Yaşanan deprem sonrası sivil toplum kuruluşlarına ilgi artarken, çalışanların yüzde 38'i bir STK veya derneğe üye olmayı düşündüğünü belirtiyor.
Deprem sonrası çalışanlarda olumsuz duygu durumları da ağır basıyor. Araştırmaya göre, çalışanların yüzde 50'ye yakını kendini mutsuz, yorgun ve tükenmiş olarak tanımlıyor.
İşveren değişiklik istemiyor
Şirketlerin yüzde 84'ü deprem sonrası istihdam planlarında değişikliğe gitmeyeceklerini belirtiyor. Değişikliğe gidecek olduklarını söyleyen şirketler ise çoğunlukla bu değişikliğin artış yönünde olacağını ifade ediyor.

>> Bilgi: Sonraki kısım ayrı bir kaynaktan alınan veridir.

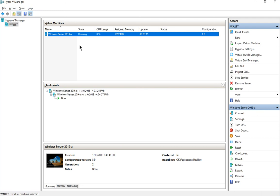So checkpoints are really only good for if you're about to make a change, such as a big Windows update, or you're about to make a change you're unsure of. And then when you're done, you want to delete those checkpoints.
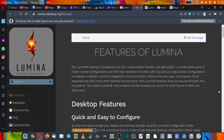Welcome back viewers. In today's video we are going to check out a new desktop. This desktop you might not have heard any time before.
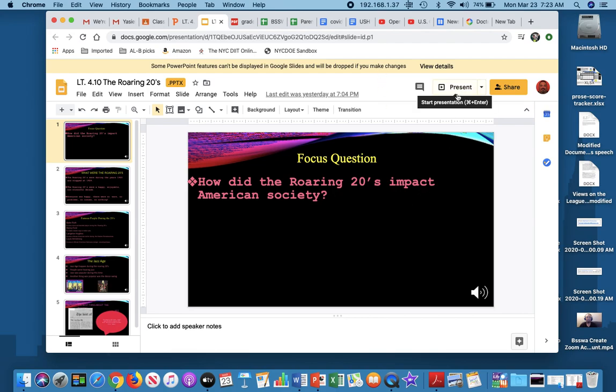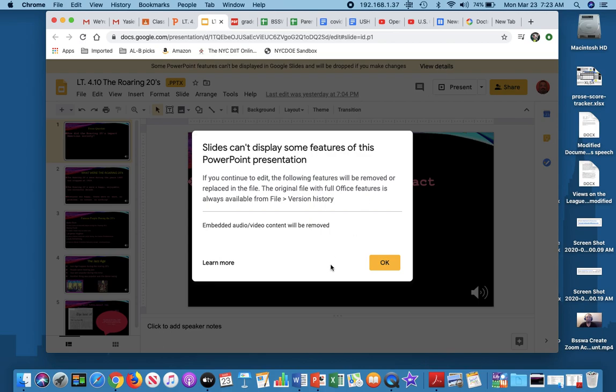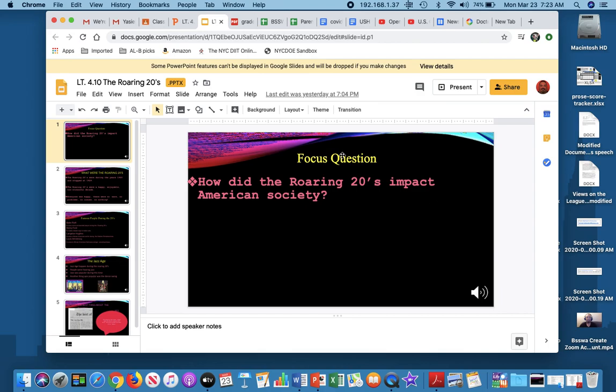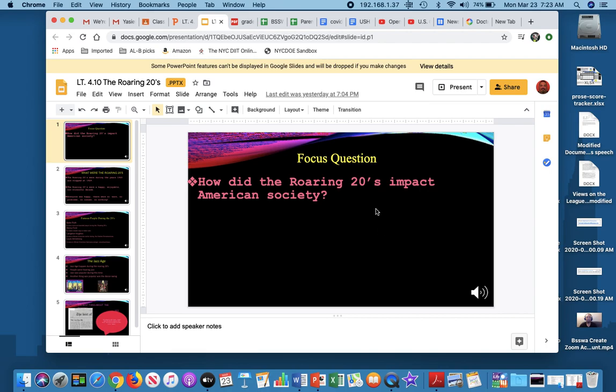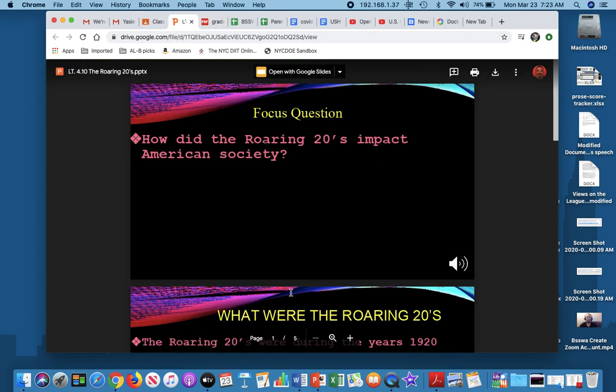Some PowerPoint features cannot be displayed in Google Slides and will be dropped if you make changes. So automatically, it's letting me know that there's something wrong that if I continue, if I try to save it, that not everything is going to save properly. So let me view the details. Slides cannot display some features of these PowerPoints, and I see that the embedded audio and video content will be removed. That means that I went ahead, and with this particular PowerPoint, I put my voice on it, so that way it's like a mini lesson. Instead of me making a video of me talking about the slides, I embedded my audio or my voice into the PowerPoint itself.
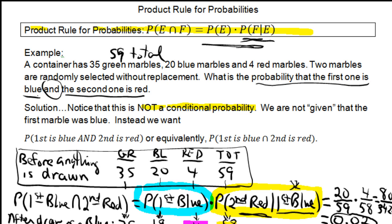Before moving on, I want to mention an alternate way of doing this using tree diagrams, which I think is very useful. Although the product rule for probabilities is the formal method, tree diagrams provide a visual approach to these same problems. After we learn the tree diagram method, you might want to revisit this problem and see which way feels easier.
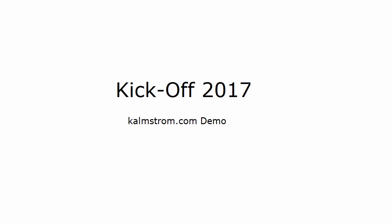Hi, I'm Peter Kalmstrom of Kalmstrom.com Business Solutions. In this demonstration, I will run through a business scenario called Kickoff 2017.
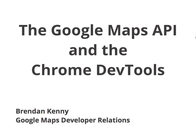Hi, this is Brendan Kinney. I'm an engineer with the Google Maps Developer Relations team. Today, I wanted to share with you a few simple tips on how the Chrome Developer Tools can make developing with the Google Maps APIs a whole lot easier.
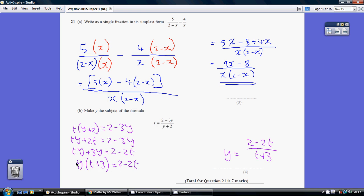That is now isolated, so we just undo the times by t plus 3 by dividing by t plus 3. So y equals 2 minus 2t, all over t plus 3.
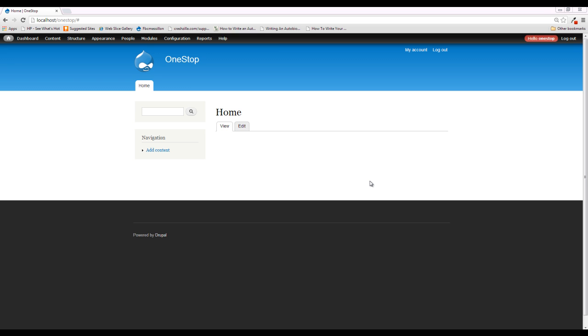As I said before, content types group like pieces of content together. To dive into what this means a little bit, each piece of content that we create of this given type will share the same fields and they'll share the same usefulness. For example, we're going to be creating a homepage slider content type, and this is going to display a slideshow on the front page of our website.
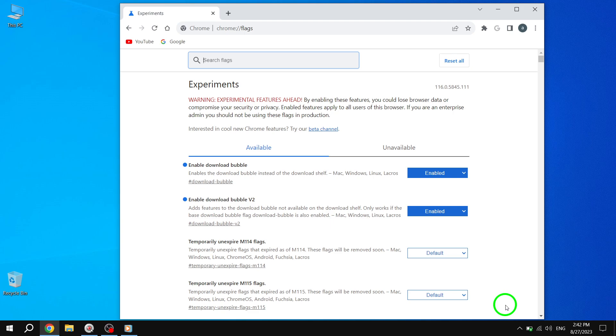Whenever you download a file, the Download Bubble will appear, allowing you to easily manage your downloads without interrupting your browsing experience.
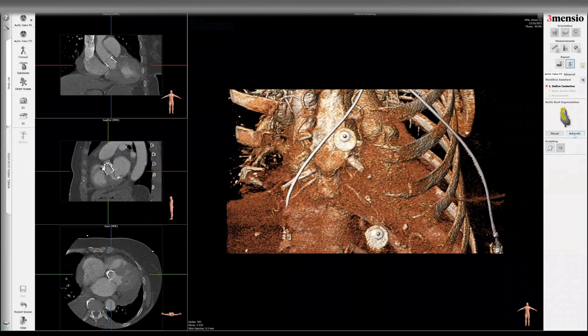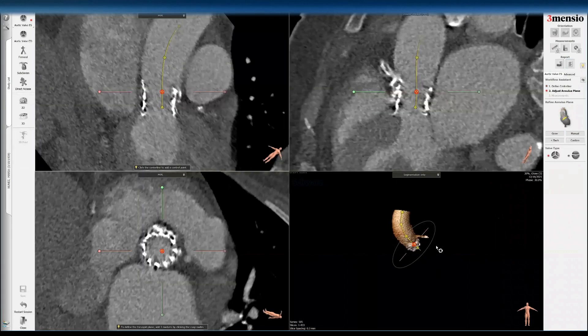First we're going to click on automatic segmentation. The first step is to evaluate which CT phase gives you the highest resolution of the transcatheter valve. The reason being there can be blooming artifacts or motion artifacts that make it more difficult to assess coronary obstruction risk, as well as sizing and positioning of the second transcatheter valve.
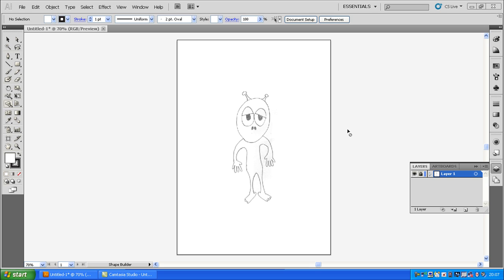Hello everybody and welcome to a new little tutorial on Adobe Illustrator. In this tutorial we'll be mainly looking at something called the Live Paint Tool, but we'll also be doing a bit of pen tool tuition as well. This is a good little project for people just starting out. What we're going to do is take this image which I've drawn and scanned in, then placed on the document, trace over it, and create what's called a Live Paint Group — that will allow us to colour it in.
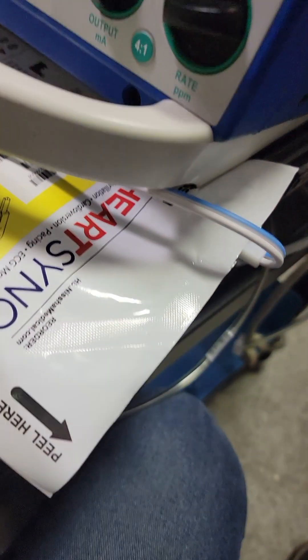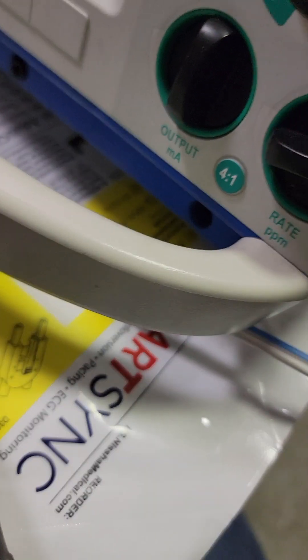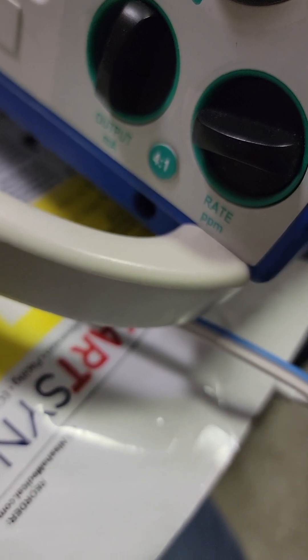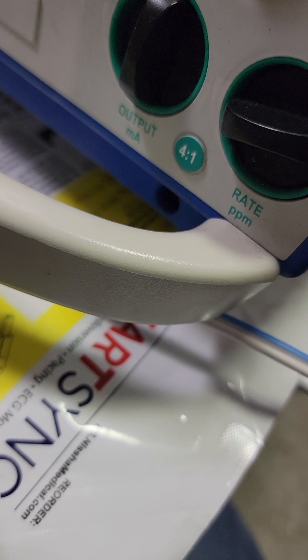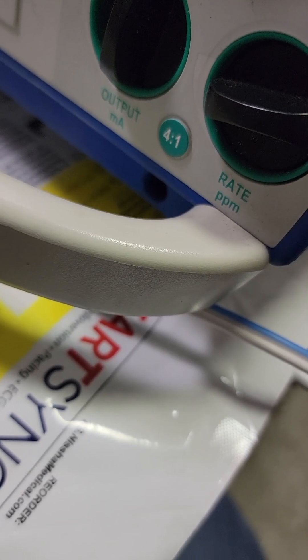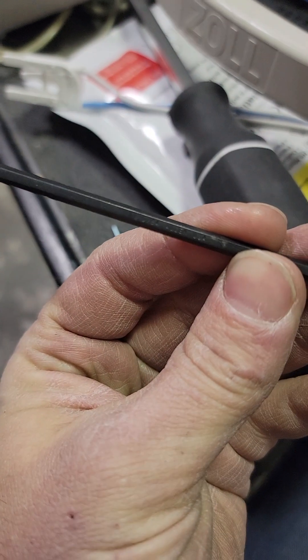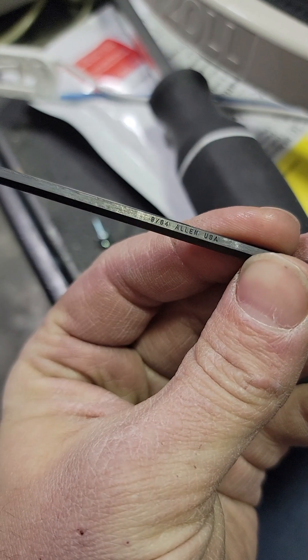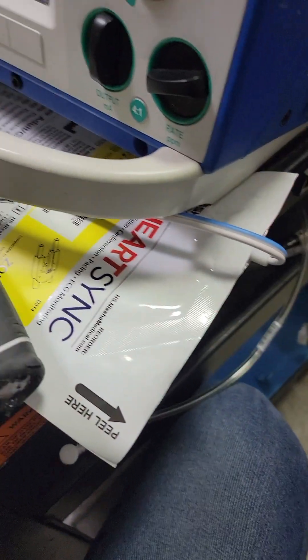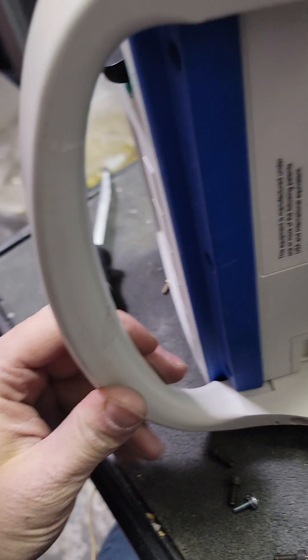Now, from there, you've got these three hex cap screws in the front and these take a 9/64th. Now, you're also going to have to remove this handle if you have one, just because you can't bend this down enough to get it out.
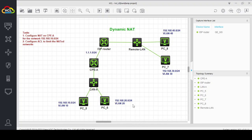This is how you can configure dynamic NAT on H3C and HPE devices. If you have any queries regarding this lab, you can ask me in the comments. Thank you.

Göç kaynaklı oluşabilecek yetenek kaybının önüne geçmek için ilgili şirketlerin yüzde 27'si daha fazla işe alım ve uzaktan çalışma opsiyonlarını düşünebileceklerini belirtiyor. Şirketlerin yüzde 15'i ise çalışanlarını elde tutmak için cazip maaş artışı ya da yan haklar sunabileceğini belirtiyor.
"Kolaylaştırıcı adımlar atılmalı"
Anket sonuçlarını değerlendiren Kariyer.net Üst Yöneticisi (CEO) Fatih Uysal, "İşverenlerin öncelikle çalışanların ihtiyaçlarını gözetmeye ve hayatlarını kolaylaştıracak adımlar atmaya odaklanmaları gerekiyor. Şirketler, çalışanlarının STK üyeliğini destekleyici adımlar atarak, çalışanların topluma faydalı olma hissiyatını ve anlam arama ihtiyacını besleyebilmeleri için onlara yol gösterici olabilir. İş yaşamında da daha insan odaklı ve çok daha fazla empatiye sahip çalışma ortamları yaratmamız gerekiyor" dedi.